La versione di Papadopoulos
Nonostante sia Trump che Sessions abbiano sempre smentito le parole dell'ex consigliere in merito alla loro presunta conoscenza sulle sue interconnessioni con i russi, Papadopoulos avrebbe rivelato ai federali che fu lo stesso ministro della Giustizia a suggerire, nell'ottica di un possibile incontro fra il futuro presidente e Vladimir Putin, di rifiutare la proposta da lui avanzata. In sostanza, sia Sessions che il Tycoon avrebbero presenziato alla riunione fra Papadopoulos e gli emissari russi, organizzato allo scopo di verificare i presupposti per il faccia a faccia fra Trump e il presidente russo. Dichiarazioni che il ministro continua a contestare ma, al momento, la sua versione risulta meno credibile da parte dei democratici che, nei prossimi giorni, lo ascolteranno nuovamente per ricevere chiarimenti in merito ai suoi reali contatti con l'ex consigliere.
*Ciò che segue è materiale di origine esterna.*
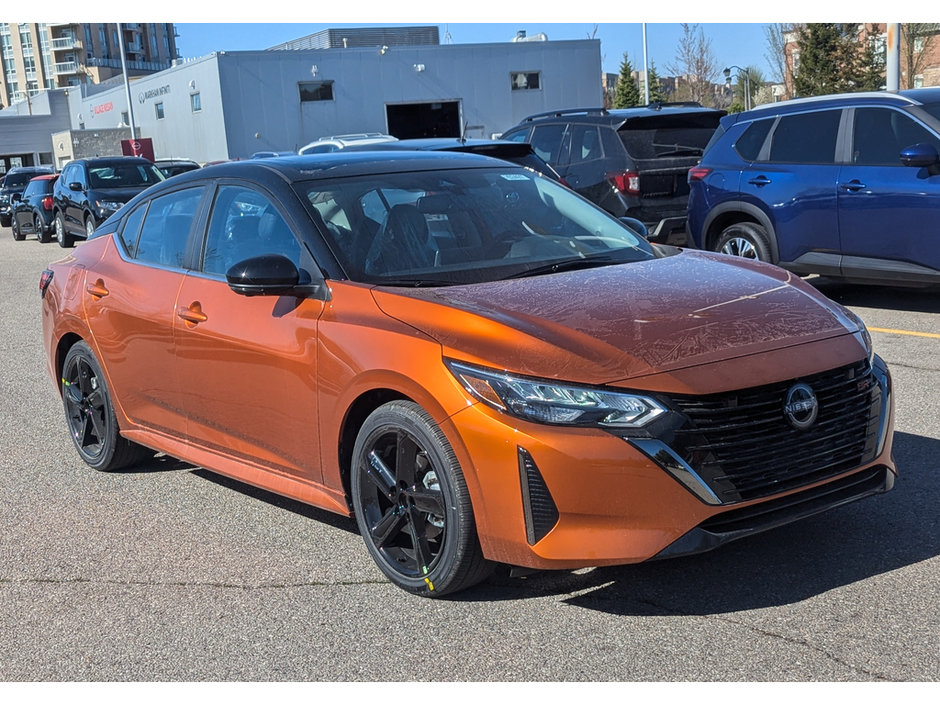 2025 Nissan Sentra SR PREMIUM-7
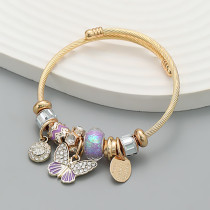 Alloy Butterfly Bracelet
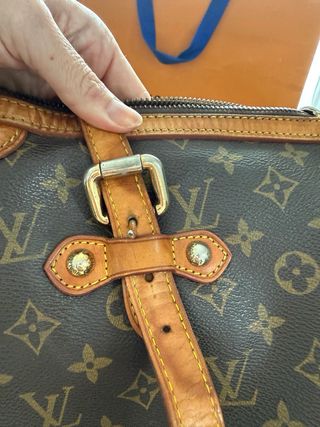 Louis Vuitton Palermo GM Bolso Marrón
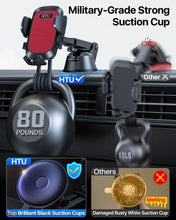 Load image into Gallery viewer, Versatile 360-Degree Car Phone Mount with Strong Suction - Thick Case Friendly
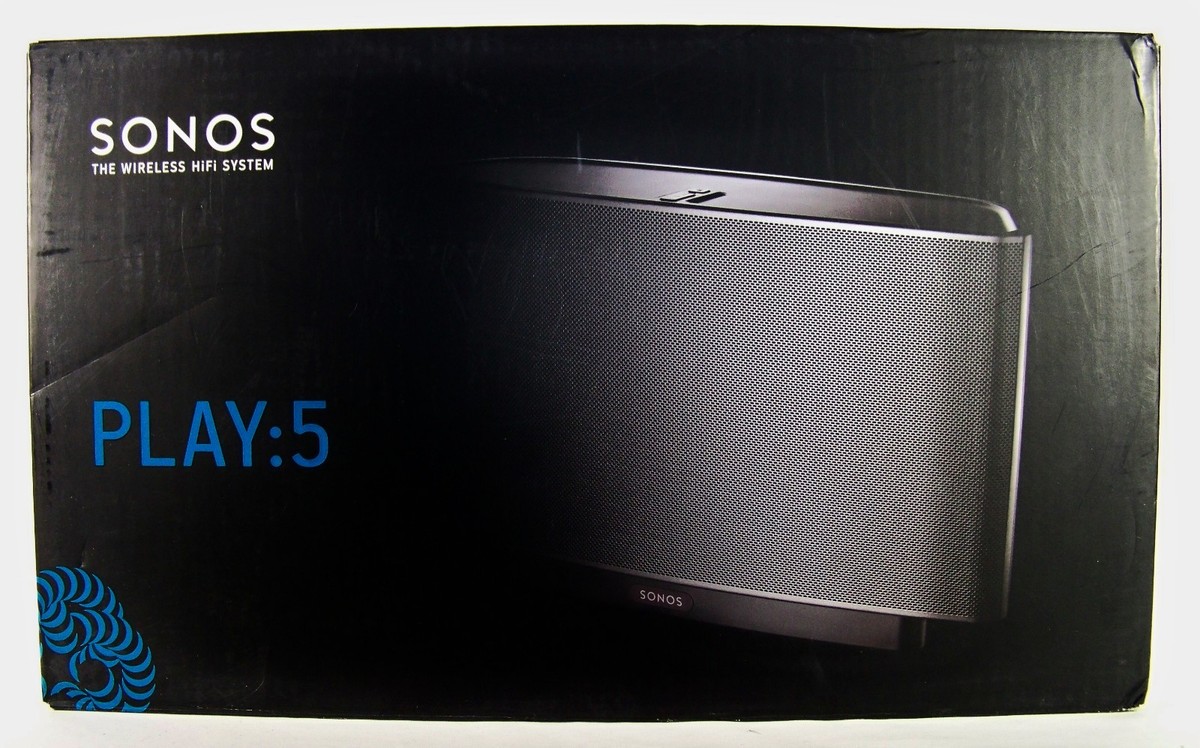 【SONOS PLAY5】スピーカー ブラック SONOS Play:5 - Big Sound - Castle Hill Audio Video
I Repubblicani contro Mueller
Nel frattempo, però, la sua posizione si è fatta decisamente più complicata e i suoi rapporti con il presidente iniziano pericolosamente a scricchiolare: dal suo prossimo 'interrogatorio', infatti, andrà stabilito se, effettivamente, Sessions abbia mentito sulle sue conoscenze in merito ai contatti di Papadopoulos. Nella giornata di oggi, peraltro, anche l'ex numero due della campagna elettorale di Trump, Sam Clovis, ha fatto un passo indietro riguardo la sua possibile nomina per un ufficio ministeriale: alla base della decisione, la rivleazione delle comunicazioni da lui scambiate ancora con Papadopoulos, vera pietra angolare dei futuri sviluppi dell'inchiesta. A tal proposito, nelle ultime ore, qualche vento di burrasca si è levato (per motivi diversi) anche attorno al procuratore Robert Mueller: secondo quanto rivelato dal 'Washington Post', infatti, i repubblicani avrebbero avanzato al sostituto di James Comey la richiesta di ritirarsi dall'inchiesta, causa conflitto d'interessi. L'ala congressuale avrebbe fatto riferimento al precedente ruolo di direttore dell'Fbi ricoperto da Mueller, nello stesso periodo in cui l'amministrazione Obama approvò l'acquisto di uranio da parte della Russia. Gli americani, però, nel procuratore specialeci credono: un recente sondaggio organizzato da Washington Post-Abc News, ha rivelato che il 58% degli interpellati gradisce il suo operato in merito all'inchiesta.